# [Task objective]
Find the line that holds "216 - 145 THIRD STREET #216", then repeat it and each line below it word for word through the end of the listing, leaving out pictures.

# [Available data]
^^^^

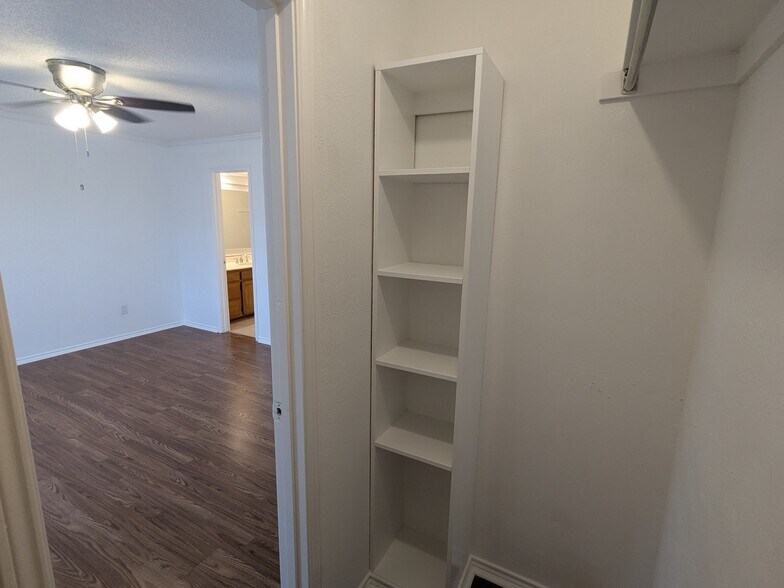 Building Photo - 2410 Cordoba Dr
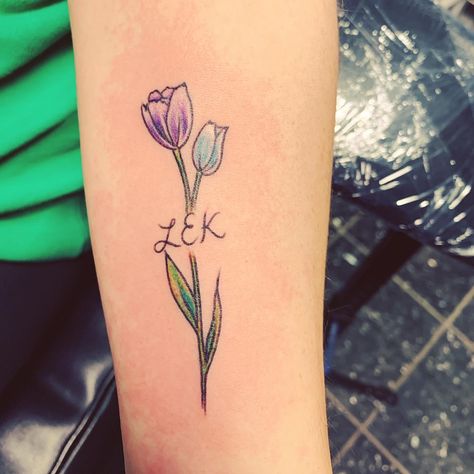 Tulip Tattoo With Words, Red Tulip Tattoo, Tattoo With Writing, Tattoo With Words, Parkinsons Awareness, Tulip Tattoo, Memorial Tattoo, Triangle Tattoo, Geometric Tattoo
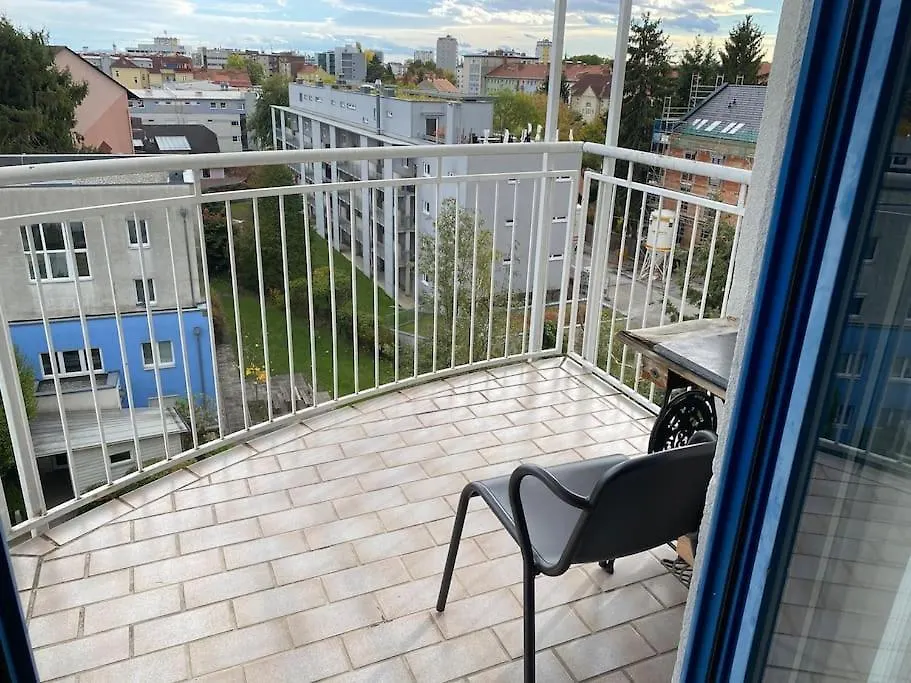 U-Room - Im Herzen Von Graz 0*,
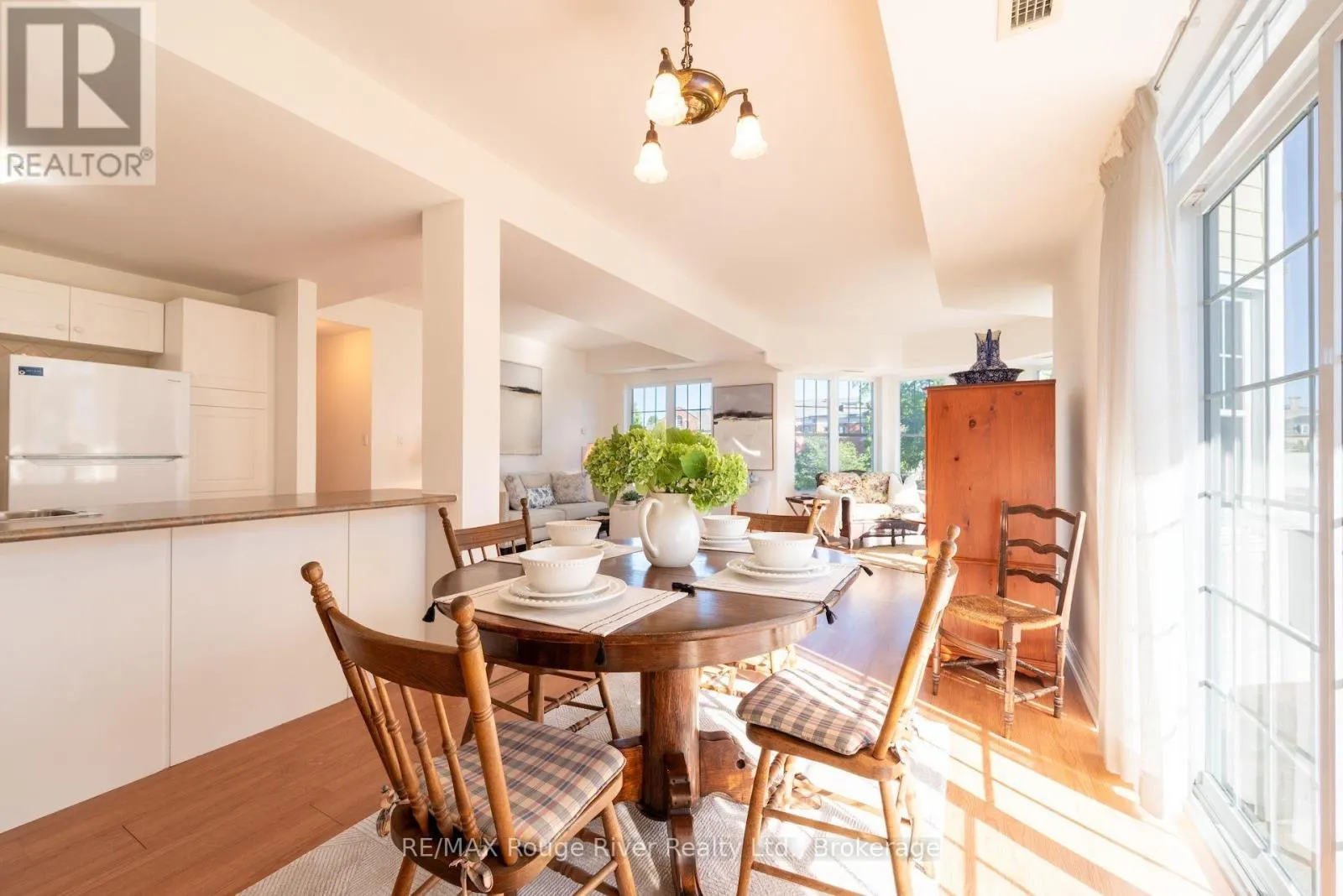 216 - 145 THIRD STREET #216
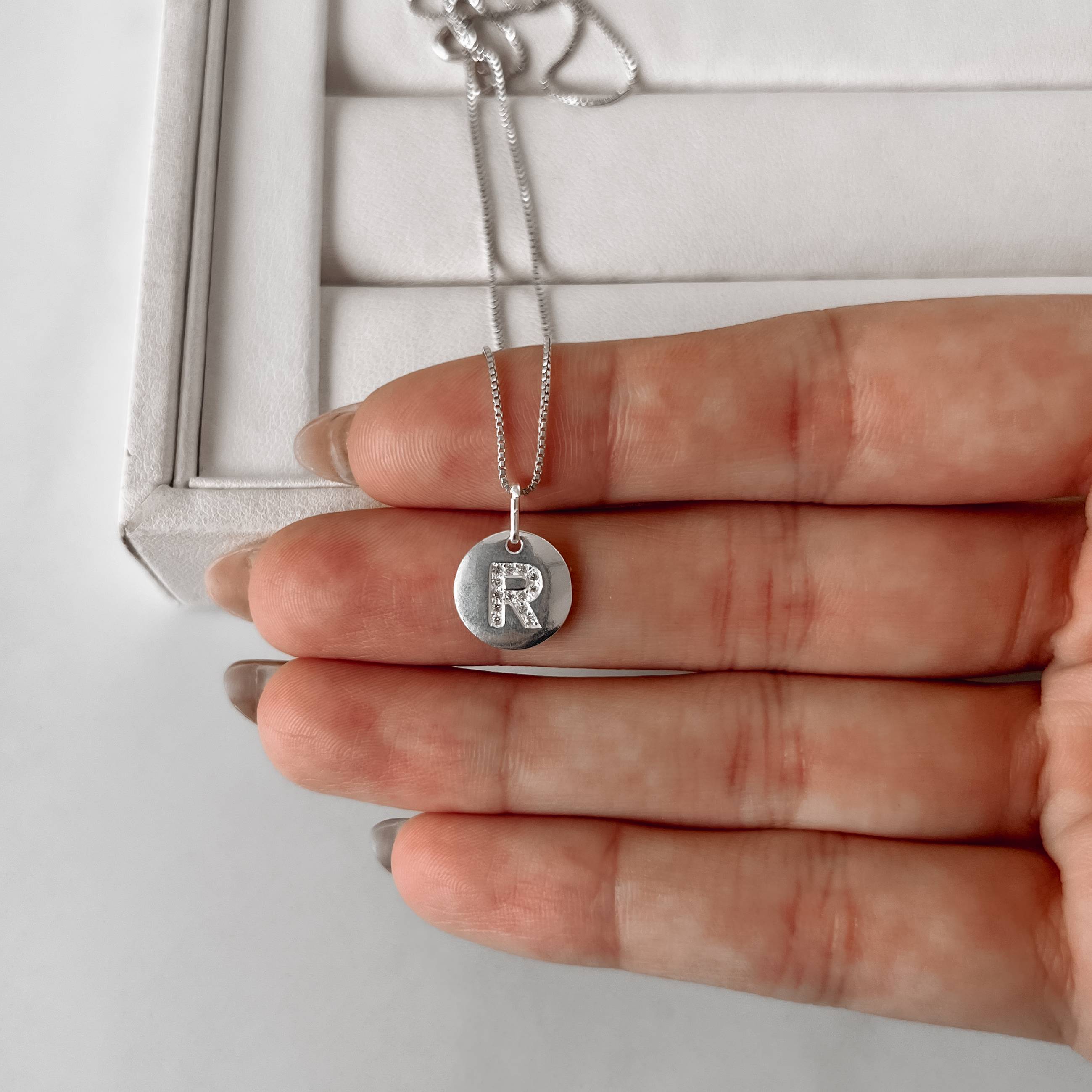 Imagem Secundária Colar pingente medalha letra R cravejada 15mm 45cm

^^^^

# [Answer for the task]
 216 - 145 THIRD STREET #216
 Imagem Secundária Colar pingente medalha letra R cravejada 15mm 45cm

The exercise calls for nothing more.